A distinctive version of Christianity also offered solace to slaves in the face of hardship and hope for liberation from bondage. Some blacks, free and slave, had taken part in the Great Awakening of the colonial era, and even more were swept into the South’s Baptist and Methodist churches during the religious revivals of the late eighteenth and early nineteenth centuries. As one preacher recalled of the great camp meeting that drew thousands of worshipers to Cane Ridge, Kentucky, in 1801, no distinctions were made “as to age, sex, color, or anything of a temporary nature; old and young, male and female, black and white, had equal privilege to minister the light which they received, in whatever way the Spirit directed.”

Virginian Luxuries. Originally painted on the back panel of a formal portrait, this image illustrates two “luxuries” of a Virginia slaveowner—the power to sexually abuse slave women and to whip slaves.

Even though the law prohibited slaves from gathering without a white person present, every plantation, it seemed, had its own black preacher. Usually the preacher was a “self-called” slave who possessed little or no formal education but whose rhetorical abilities and familiarity with the Bible made him one of the most respected members of the slave community. Especially in southern cities, slaves also worshiped in biracial congregations with white ministers, where they generally were required to sit in the back pews or in the balcony. Urban free blacks established their own churches, sometimes attended by slaves.
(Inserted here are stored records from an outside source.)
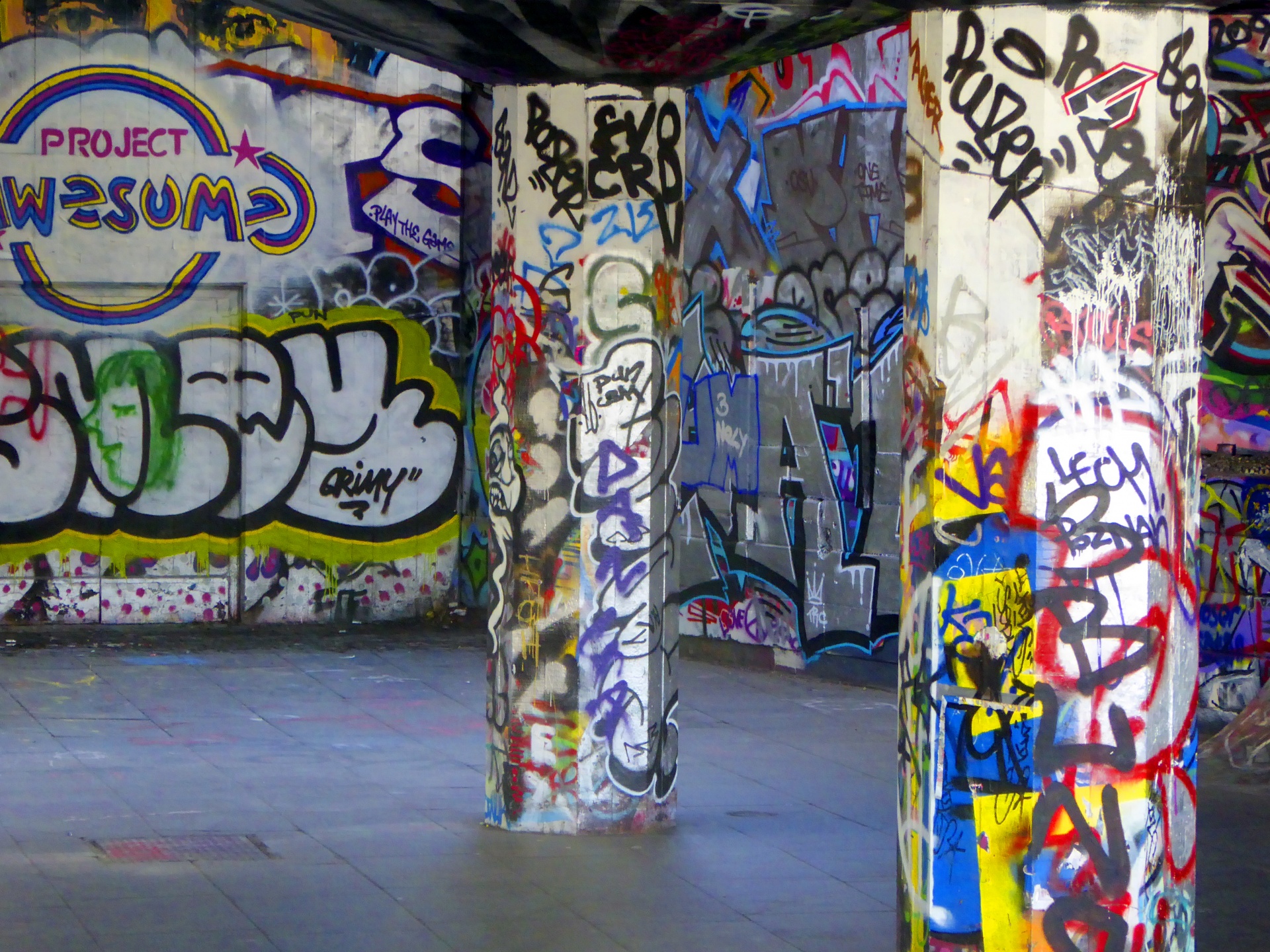 graffiti skateboard urban free photo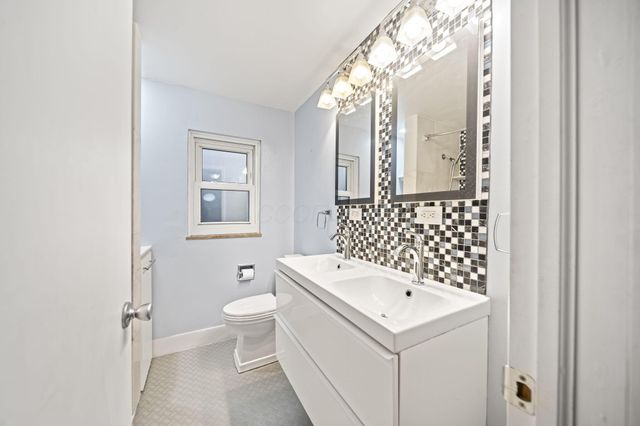 98 Blenheim Road, Columbus, OH 43214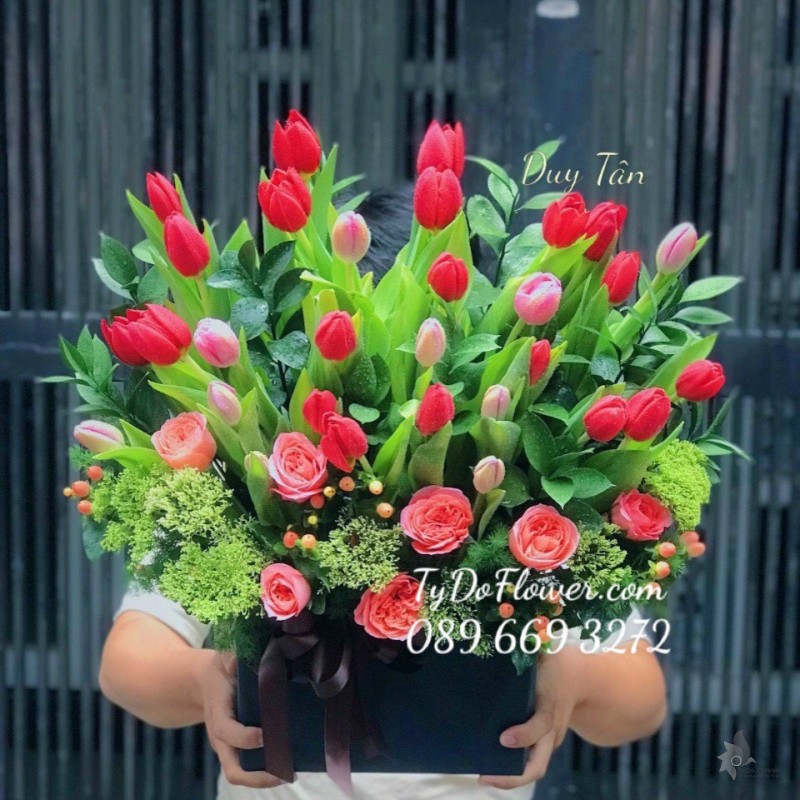 G0523676 GIỎ HOA TULIP ĐỎ HỒNG Hoa Chúc Mừng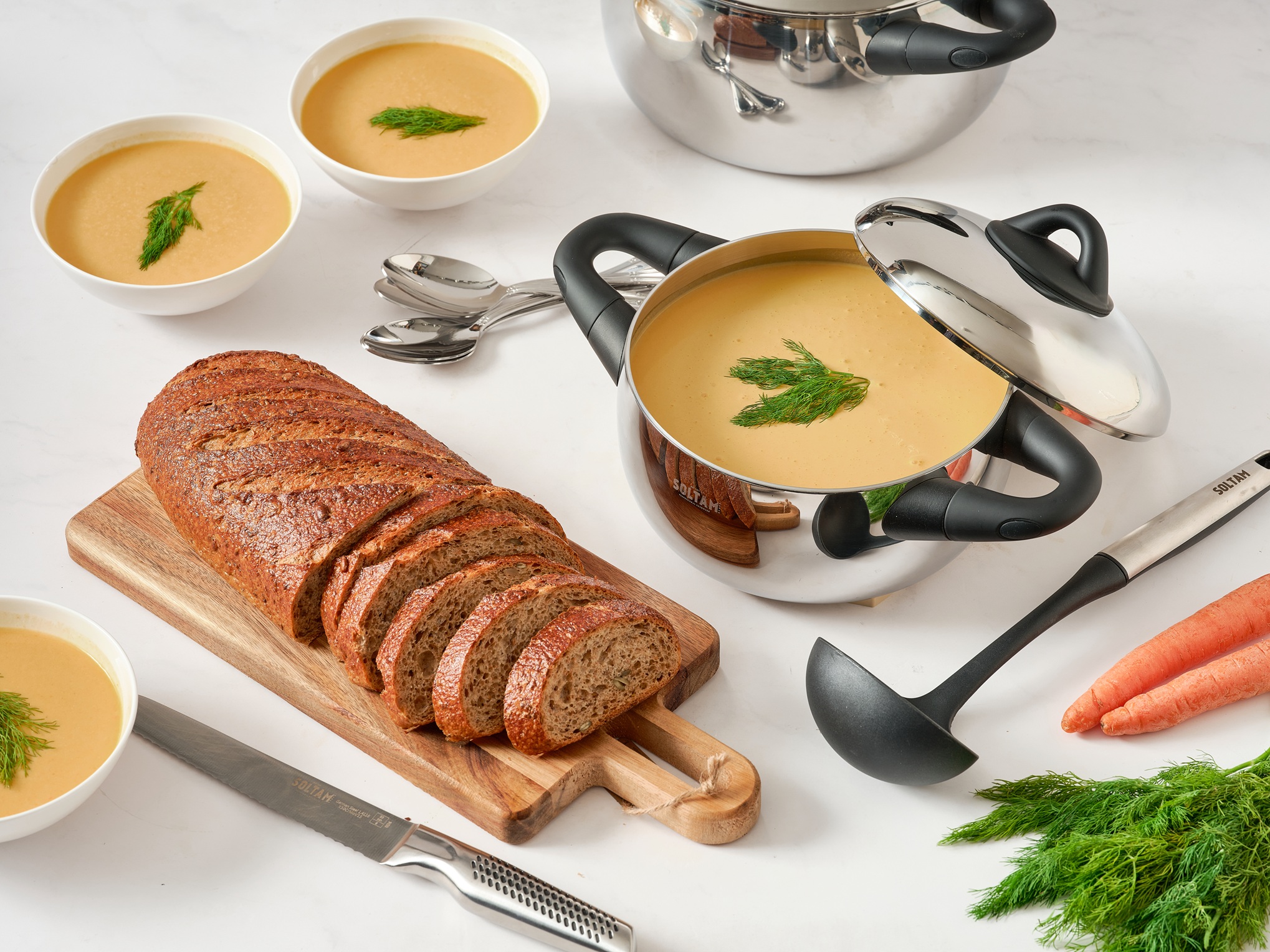 קולקציית TWIST החדשה בגרסת נירוסטה פרימיום מבית סולתם, מחירי השקה 150- 500 שח לפריט (צילום: גיל אבירם)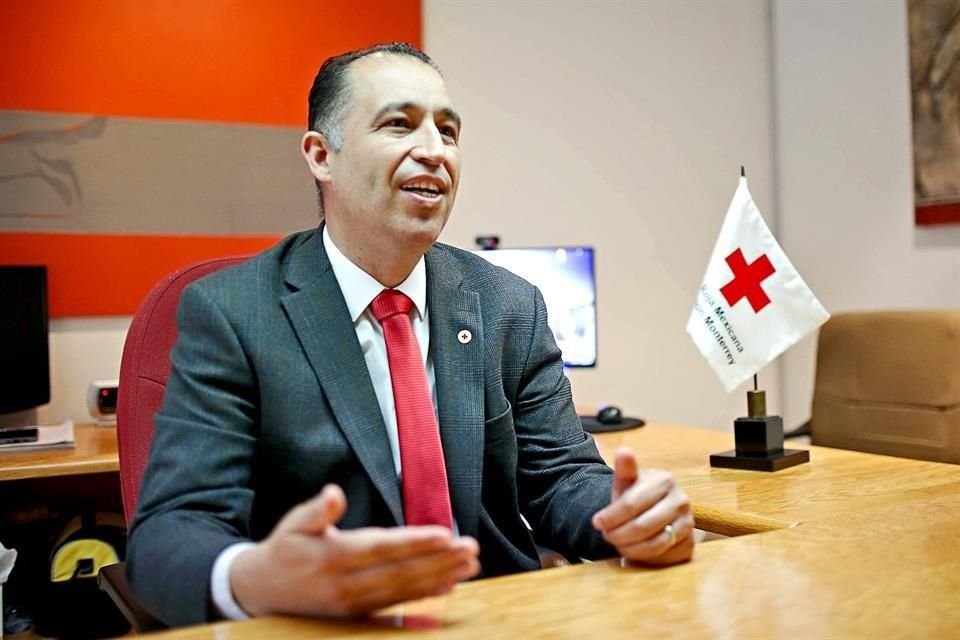 Rogelio Ayala, director general de la Cruz Roja, Delegación Nuevo León.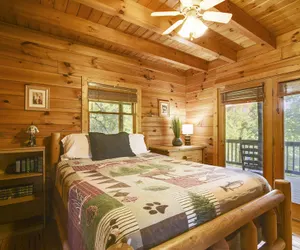 Photo 2 - Mountain Serenity 2 Bedroom Cabin by RedAwning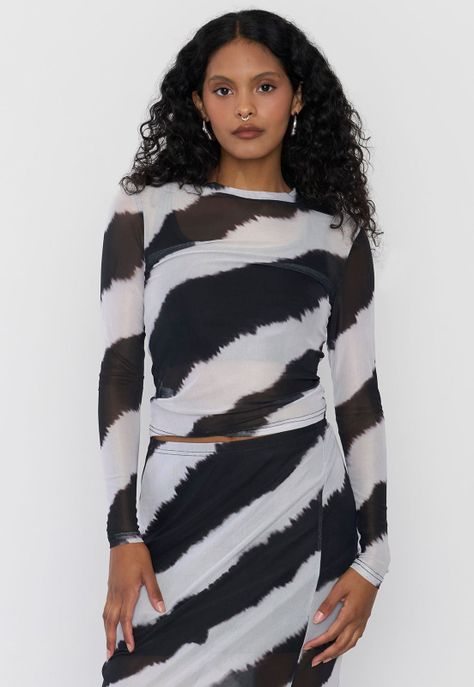 Polera Mujer Malla Manga Larga Tie Dye Negro Corona-2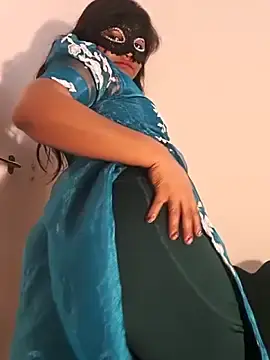 Stripchat Sex Cam of DIRTYSECRET_QUEEN_07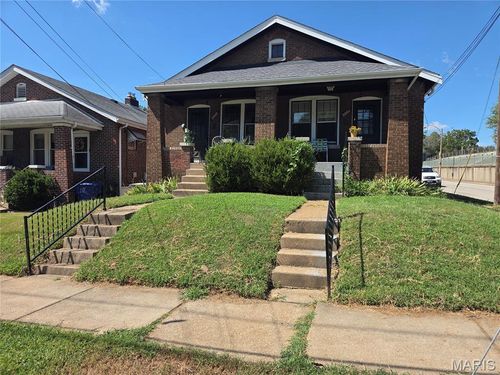 2001 Prather Ave, Saint Louis, MO, 63139-3527 | Card Image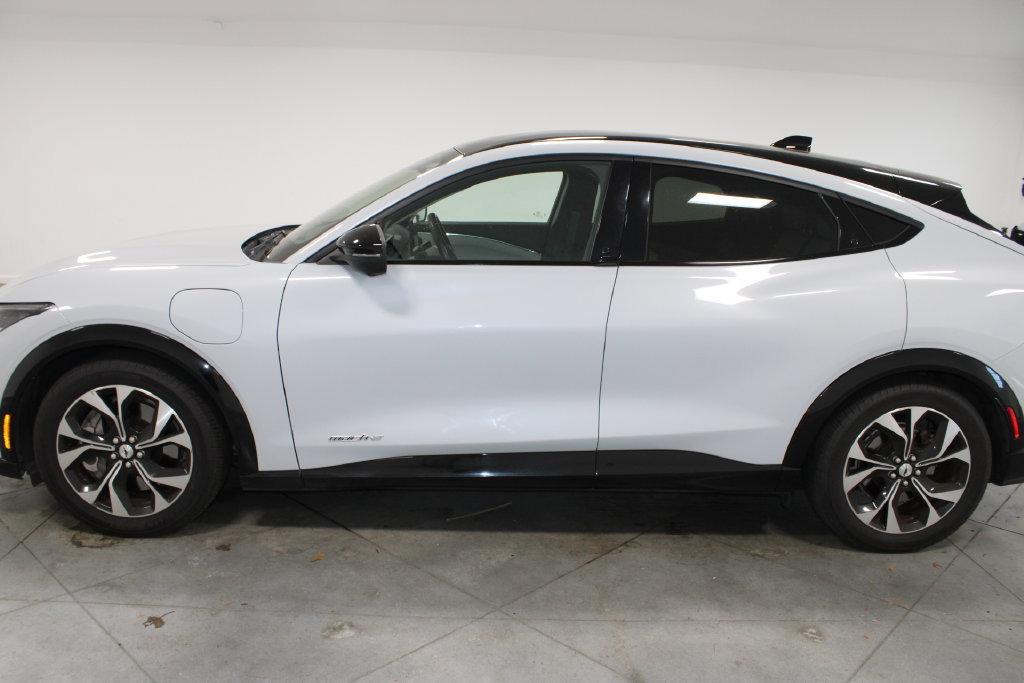 Used 2021 Ford Mustang Mach-E Premium RWD image 6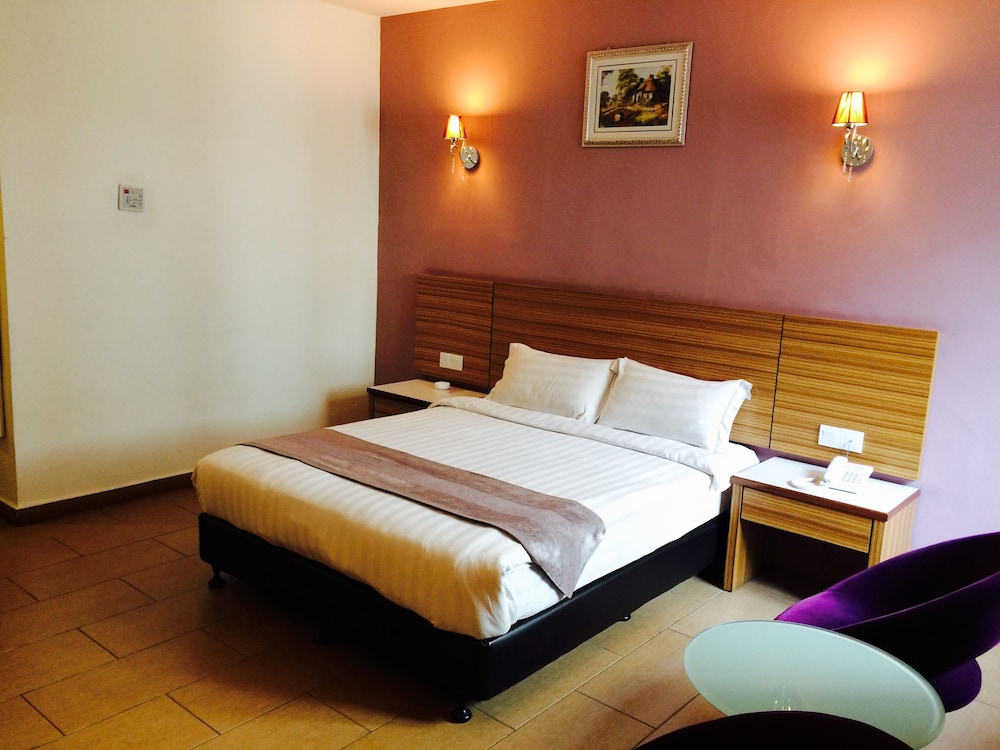 Grand Court Hotel 21/56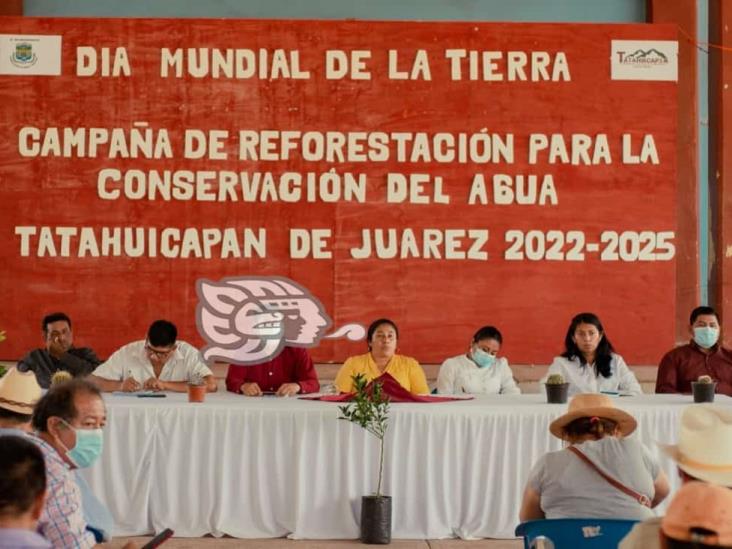 Acuerdan municipios apoyar a reforestación de Tatahuicapan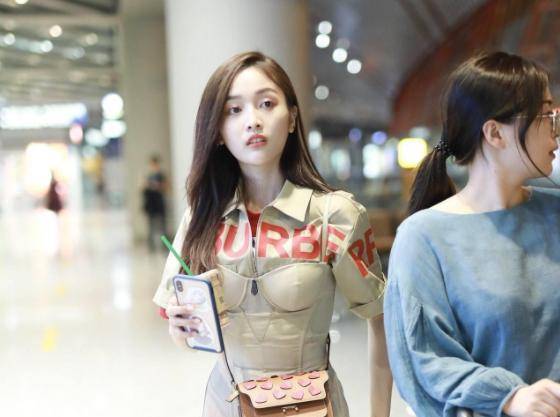 言一|“撒谎成性”吴宣仪：曾言一天喝8杯奶茶，后竟澄清是为治疗贫血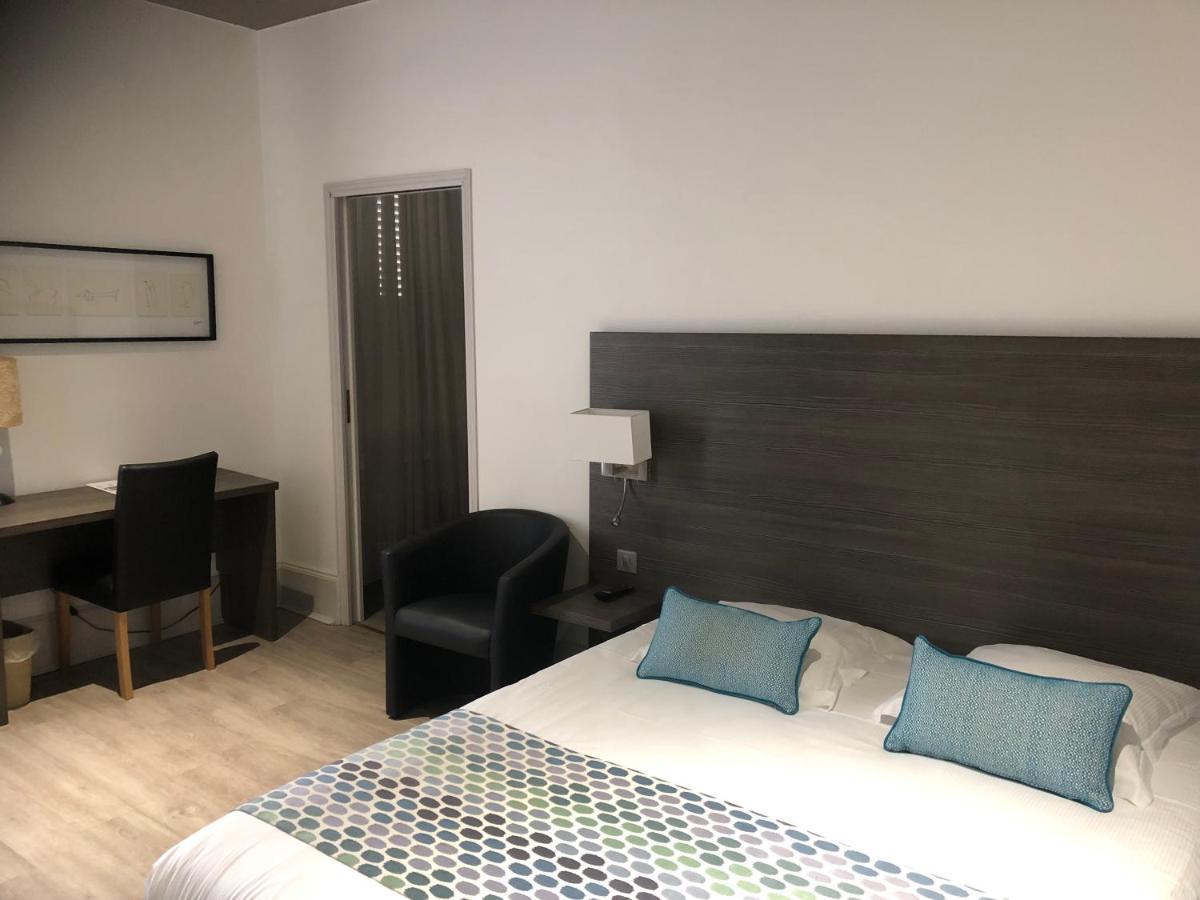 Hotel Montespan Bourbon-lʼArchambault Eksteriør bilde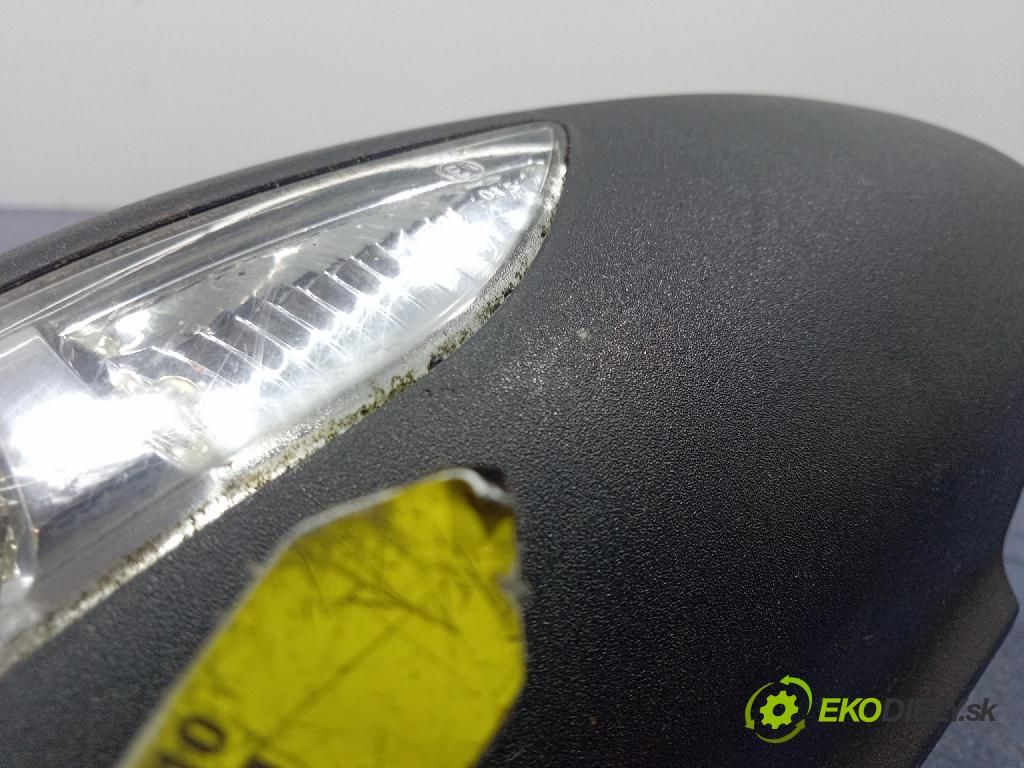 Mercedes A-Klasa 2006 zrkadlo pravé A3140418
To masters, Christianity offered another means of social control. Many required slaves to attend services conducted by white ministers, who preached that theft was immoral and that the Bible required servants to obey their masters. One slave later recalled being told in a white minister’s sermon “how good God was in bringing us over to this country from dark and benighted Africa, and permitting us to listen to the sound of the gospel.” Several slaves walked out of the service during a sermon by Charles C. Jones stressing that God had commanded servants to obey their masters and that they should not try to run away. One man came up to Jones at the end and said, “the doctrine is one-sided.”